According to the company, the idea behind the move is to streamline its operations, but many say it’s a tax-saving move.
Can We Blame UK Casino Operators for Saying Enough is Enough?
The UK has recently imposed a 1% levy on casino businesses, reduced maximum bets on online slots, and forced them to spend heavily on system upgrades to tackle responsible gambling.
All online casinos and sports betting sites complied, but how does the country repay them? The looming scenario of increased taxes.
Why wouldn’t a company move overseas if it’s going to save millions in tax payments? That’s how business-hostile the country has become, especially towards gambling.
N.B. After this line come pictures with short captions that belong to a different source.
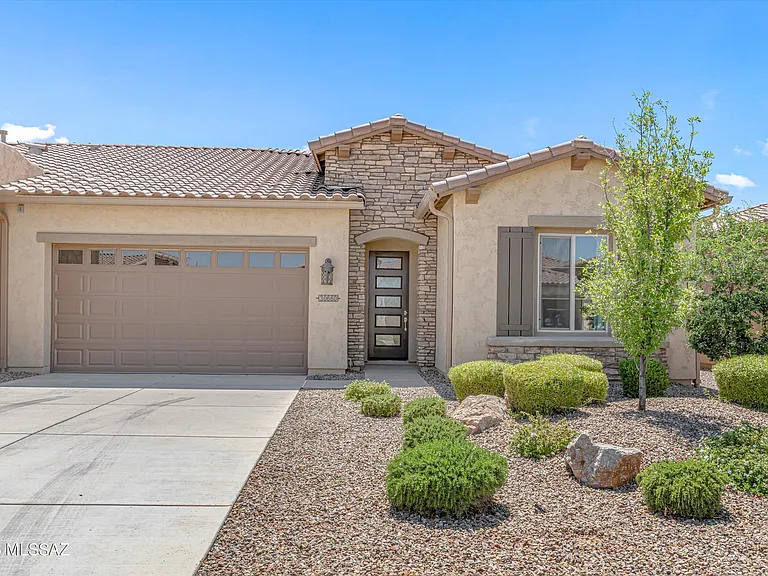 30660 S Osprey Dr — Photo 1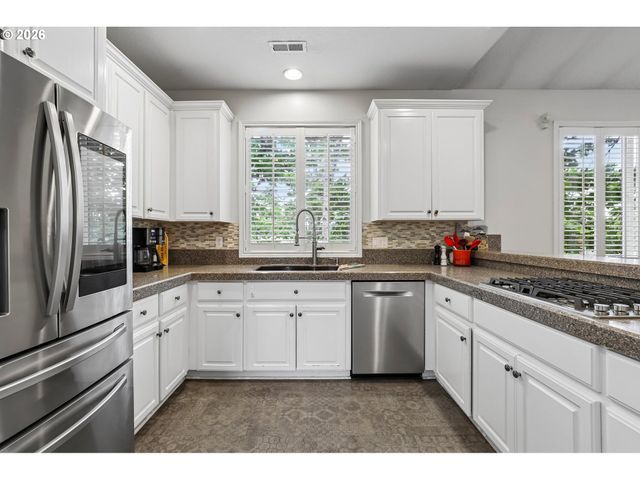 19874 BENNINGTON Ct, West Linn, OR 97068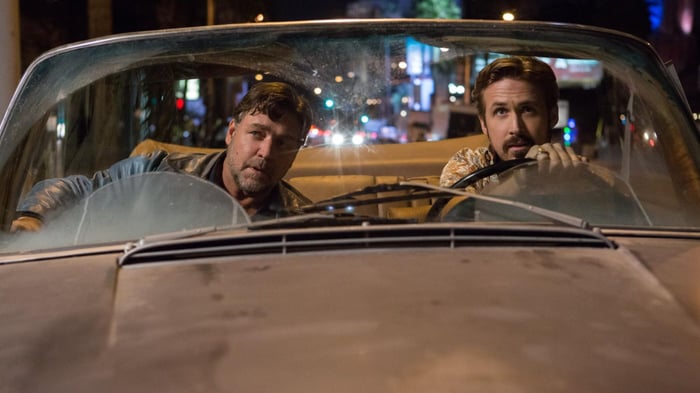 Russell Crowe và Ryan Gosling trong The Nice Guys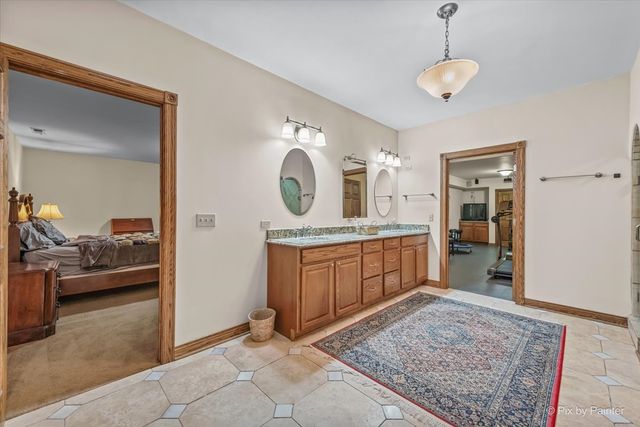 10018 Haegers Bend Road, Barrington Hills, IL 60102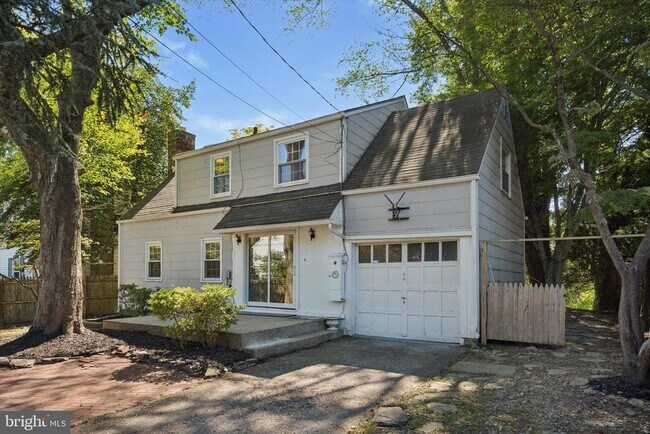 Photo - 433 Haverford Rd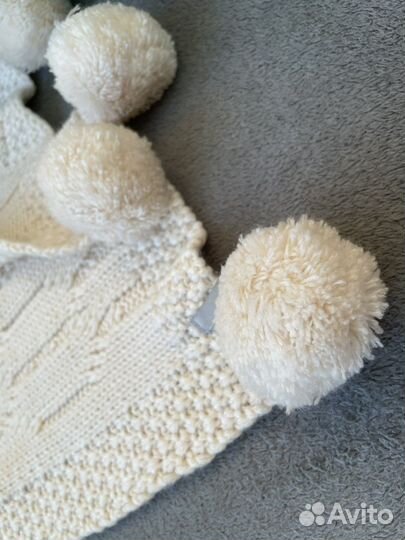 Шарф бежевый с помпонами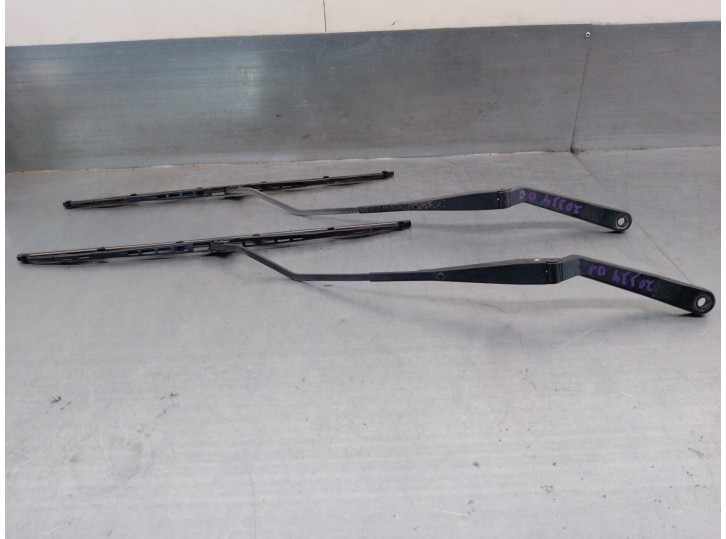 Recambio de brazo limpia delantero derecho para mg serie 800 (rs) 2.0 16v cat referencia OEM IAM 5074960  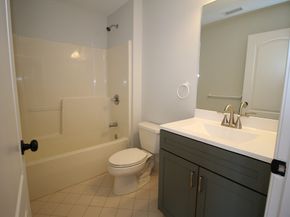 10 Valley View Dr, Grafton MA 01536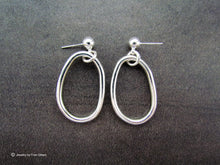 Load image into Gallery viewer, ERIN Earrings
It is a country where traditional English pub drinking is no longer a regular outing but a once-in-a-while visit due to high taxes. Why wouldn’t it do the same to the casino industry? Well, looking at the country’s past form and the latest news, that’s exactly what it is going to do.
The next industry the country wants to dismantle is another one of its most successful, gambling!
Sky Bet has seen it coming, and although, as Brits, we want companies offering B2C services in our country to pay the full tax burden, we can hardly blame them for moving overseas to continue giving their customers value for money, i.e., casino and sports betting bonuses.
Source: The news confirming that SkyBet is moving its headquarters to Malta is from ITV. Although a poor media company is rarely known for reporting the truth, it’s more about narrative, a bit like the BBC. Plus, we have to say, there’s been nothing on the SkyBet website.
Arguably Britain’s Worst Prime Minister Before Keir Starmer is Kicking Up Fuss
There may be people like Gordon Brown, moaning about gambling companies moving overseas, but can you blame them?
That’s right, the guy who sold half the UK’s gold reserves, known as ‘Brown’s Bottom’, when he was acting Chancellor of the Exchequer. The same prime minister who treated boom-time banking money as permanent, relying on its tax money to fill Britain’s fiscal budget. In the end, when he left Number 10 Downing Street, he left the United Kingdom’s finances in tatters. Also, Gordon Brown is the same person who worked with Tony Blair to loosen regulations in the country that led to the 2008 stock market crash, caused by the US mortgage-bond collapse, which hit UK banks hard.
The moral of this story is: Don’t listen to Gordon ‘Black Hole’ Brown if your job or reputation is based on your performance. Any comment from this guy, I advise you to do the opposite.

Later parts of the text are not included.